Action item:
Reproduce the records below exactly, leaving their images out.

Brief descriptive captions:
------------------------------------------------
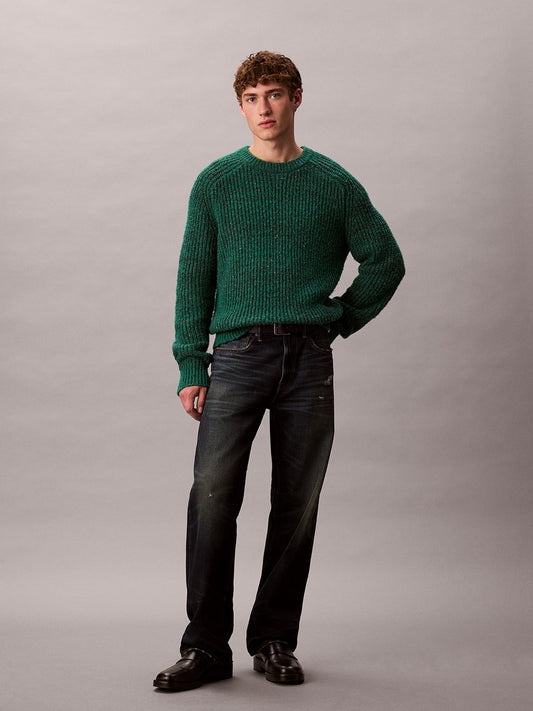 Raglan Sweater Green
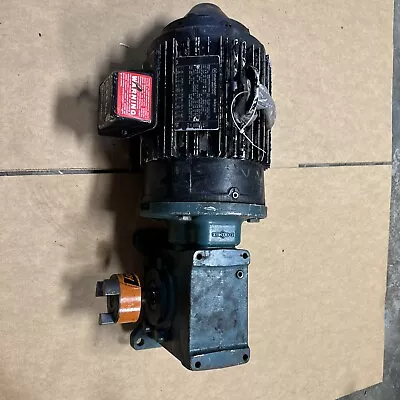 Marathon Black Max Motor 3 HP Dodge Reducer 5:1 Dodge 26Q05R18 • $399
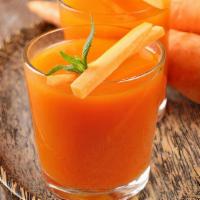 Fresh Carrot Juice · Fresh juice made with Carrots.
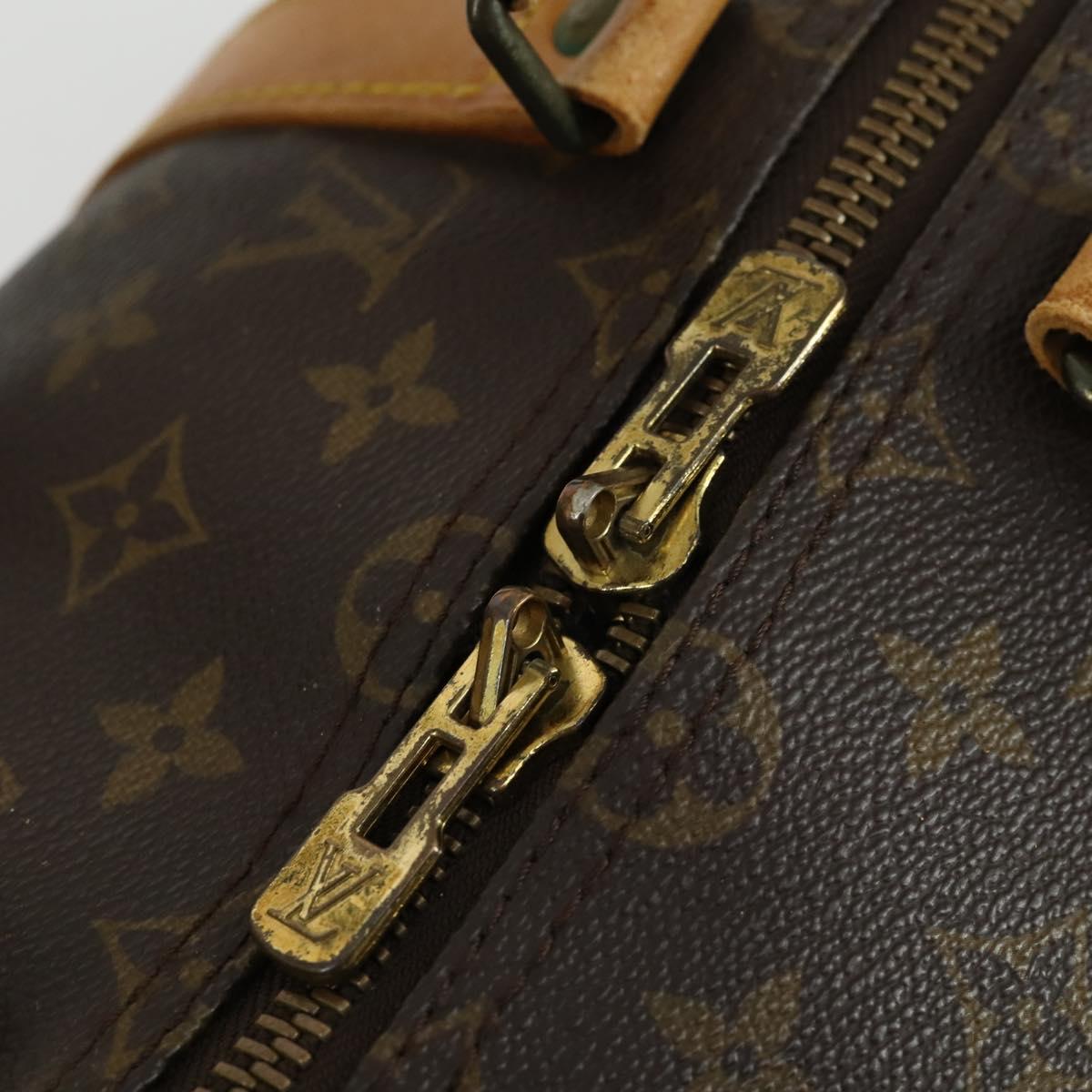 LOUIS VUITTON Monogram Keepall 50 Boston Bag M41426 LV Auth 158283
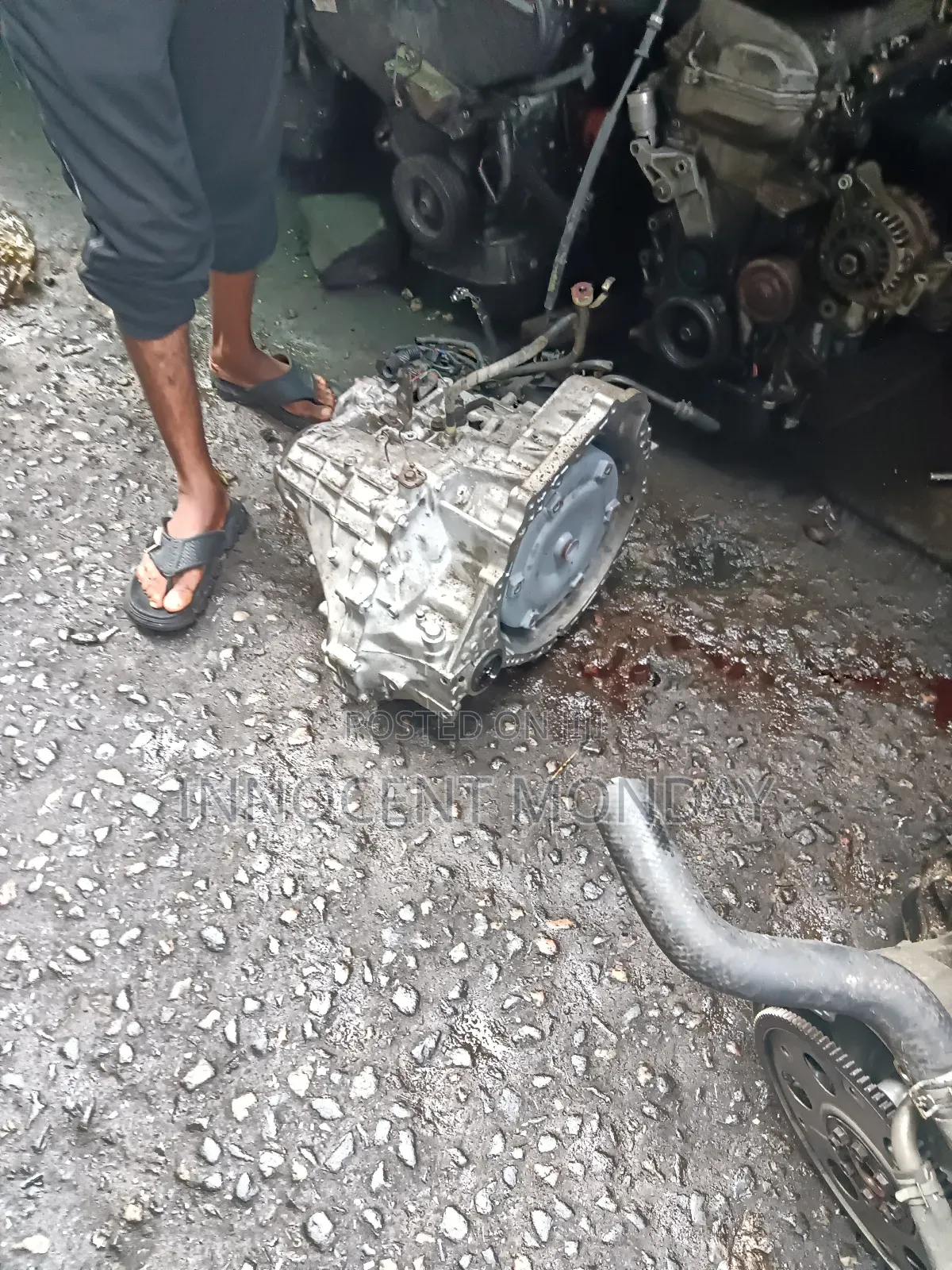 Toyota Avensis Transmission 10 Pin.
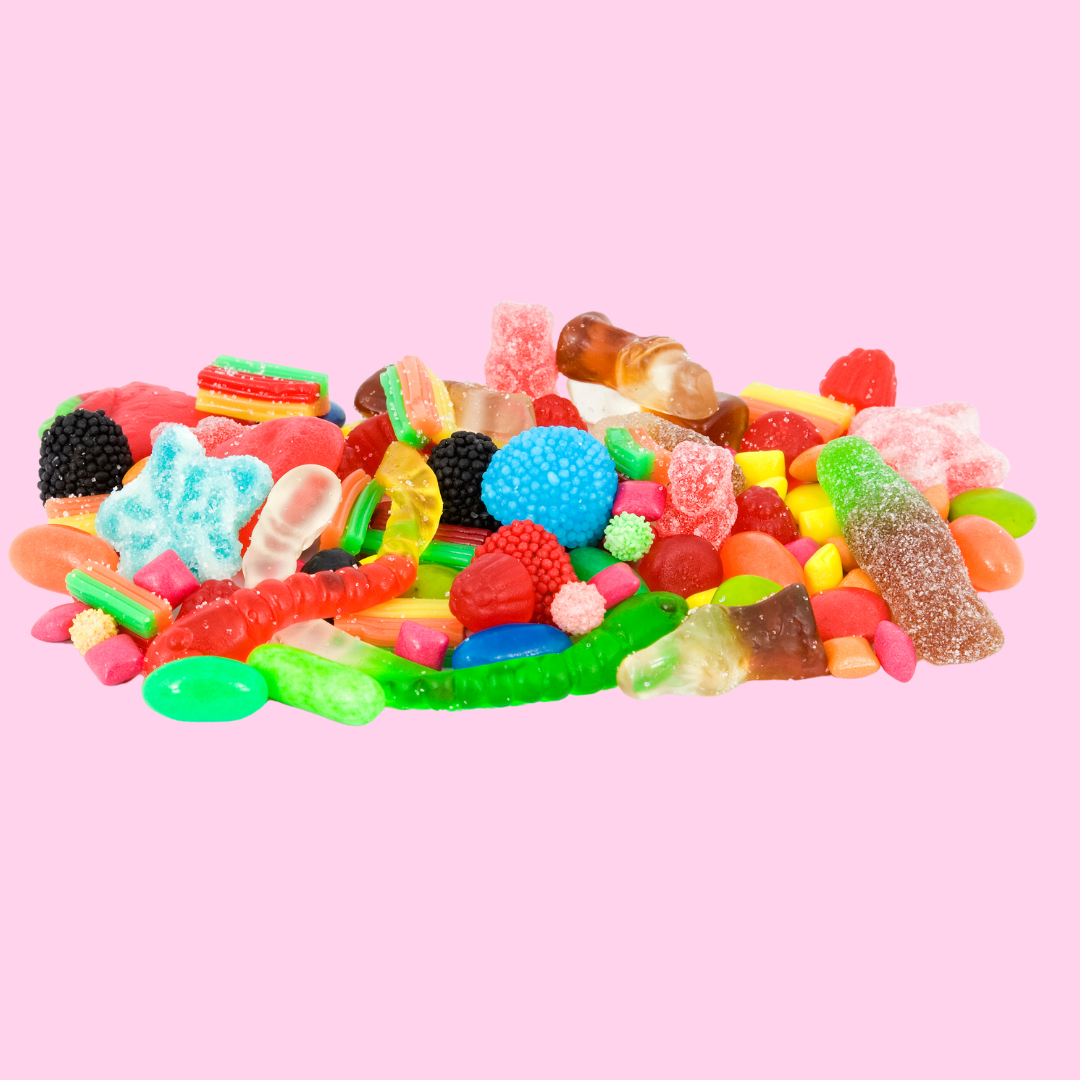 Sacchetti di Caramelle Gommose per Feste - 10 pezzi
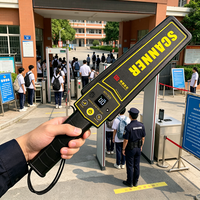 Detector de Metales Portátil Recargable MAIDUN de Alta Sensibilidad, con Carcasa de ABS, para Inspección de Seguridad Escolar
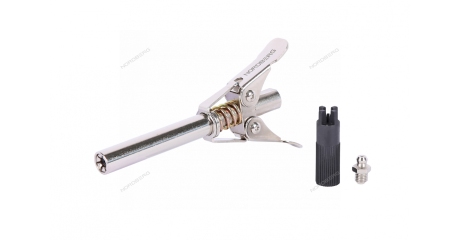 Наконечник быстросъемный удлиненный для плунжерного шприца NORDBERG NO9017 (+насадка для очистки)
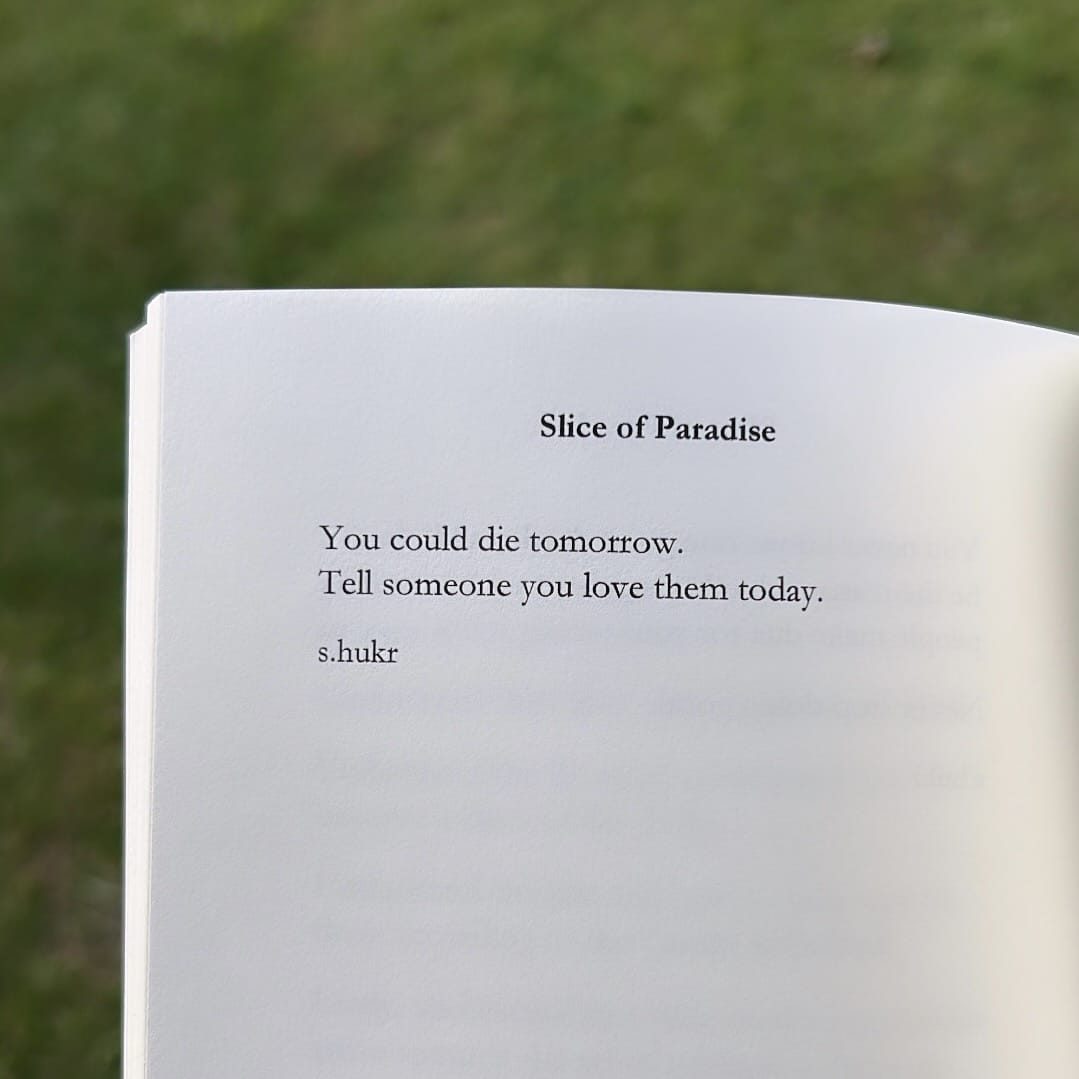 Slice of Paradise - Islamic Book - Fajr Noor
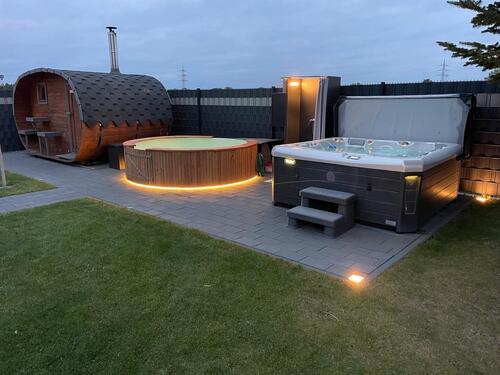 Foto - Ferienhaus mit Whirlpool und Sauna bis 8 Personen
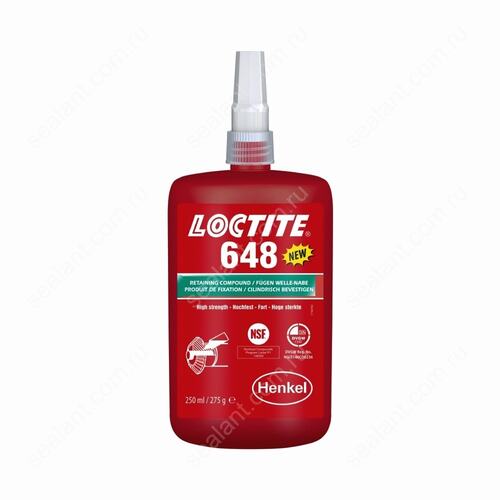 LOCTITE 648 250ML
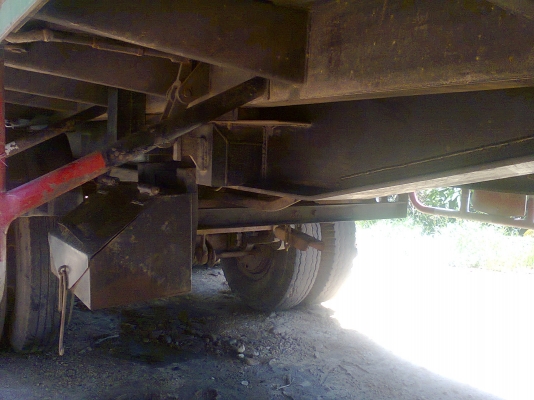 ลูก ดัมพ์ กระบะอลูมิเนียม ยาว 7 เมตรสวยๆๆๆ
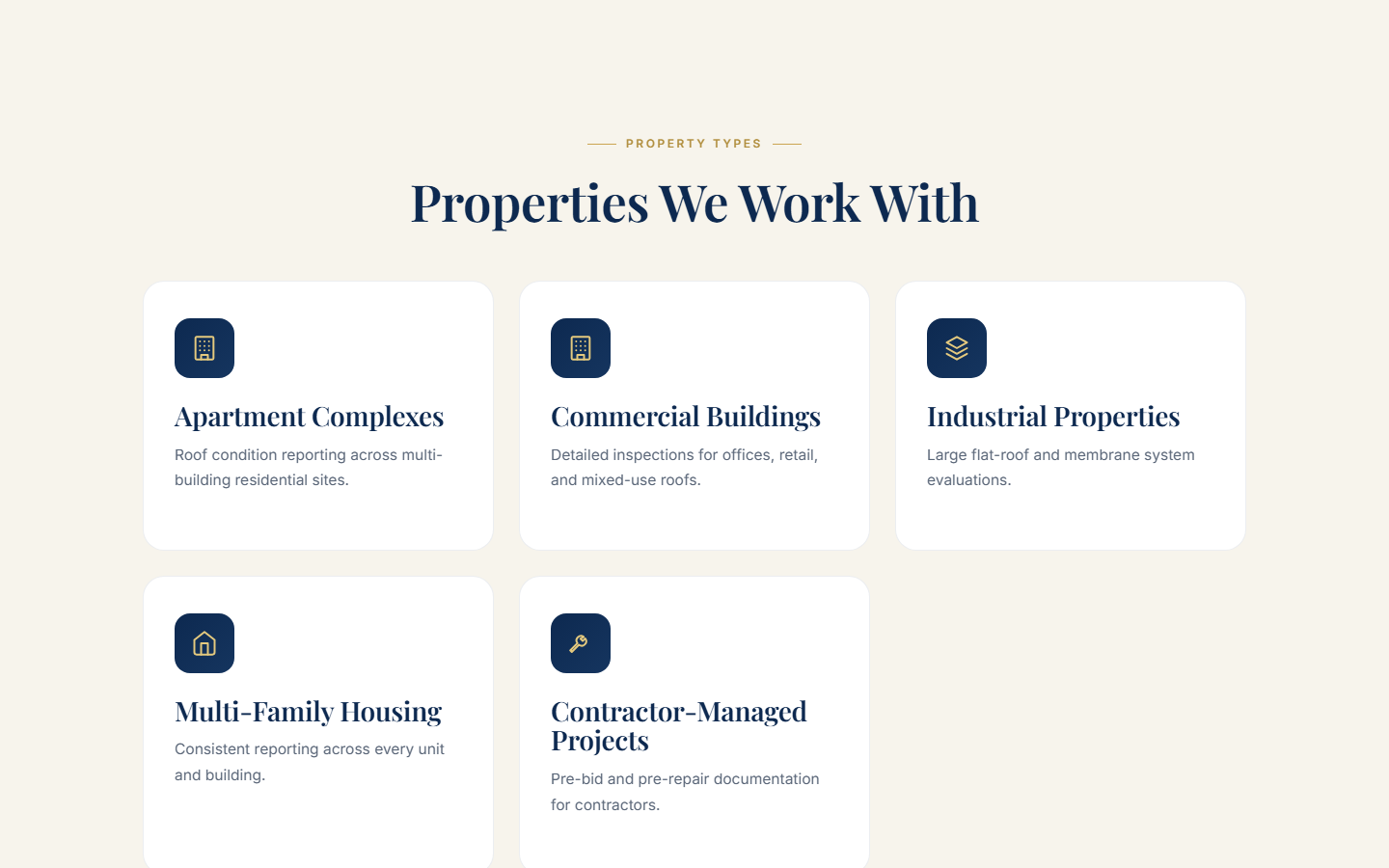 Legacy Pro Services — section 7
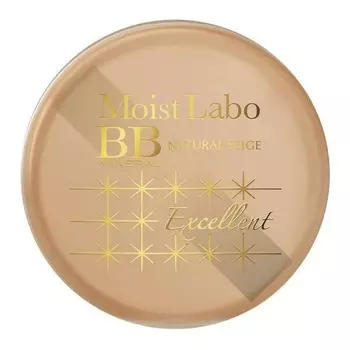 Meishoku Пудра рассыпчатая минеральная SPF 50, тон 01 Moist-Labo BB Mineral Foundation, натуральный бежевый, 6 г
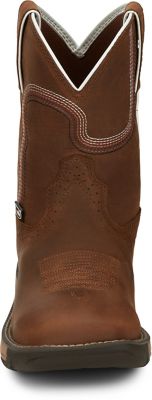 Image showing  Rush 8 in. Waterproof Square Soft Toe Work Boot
------------------------------------------------
Solution below:
 Raglan Sweater Green
 Marathon Black Max Motor 3 HP Dodge Reducer 5:1 Dodge 26Q05R18 • $399
 Fresh Carrot Juice · Fresh juice made with Carrots.
 LOUIS VUITTON Monogram Keepall 50 Boston Bag M41426 LV Auth 158283
 Toyota Avensis Transmission 10 Pin.
 Sacchetti di Caramelle Gommose per Feste - 10 pezzi
 Detector de Metales Portátil Recargable MAIDUN de Alta Sensibilidad, con Carcasa de ABS, para Inspección de Seguridad Escolar
 Наконечник быстросъемный удлиненный для плунжерного шприца NORDBERG NO9017 (+насадка для очистки)
 Slice of Paradise - Islamic Book - Fajr Noor
 Foto - Ferienhaus mit Whirlpool und Sauna bis 8 Personen
 LOCTITE 648 250ML
 ลูก ดัมพ์ กระบะอลูมิเนียม ยาว 7 เมตรสวยๆๆๆ
 Legacy Pro Services — section 7
 Meishoku Пудра рассыпчатая минеральная SPF 50, тон 01 Moist-Labo BB Mineral Foundation, натуральный бежевый, 6 г
 Image showing  Rush 8 in. Waterproof Square Soft Toe Work Boot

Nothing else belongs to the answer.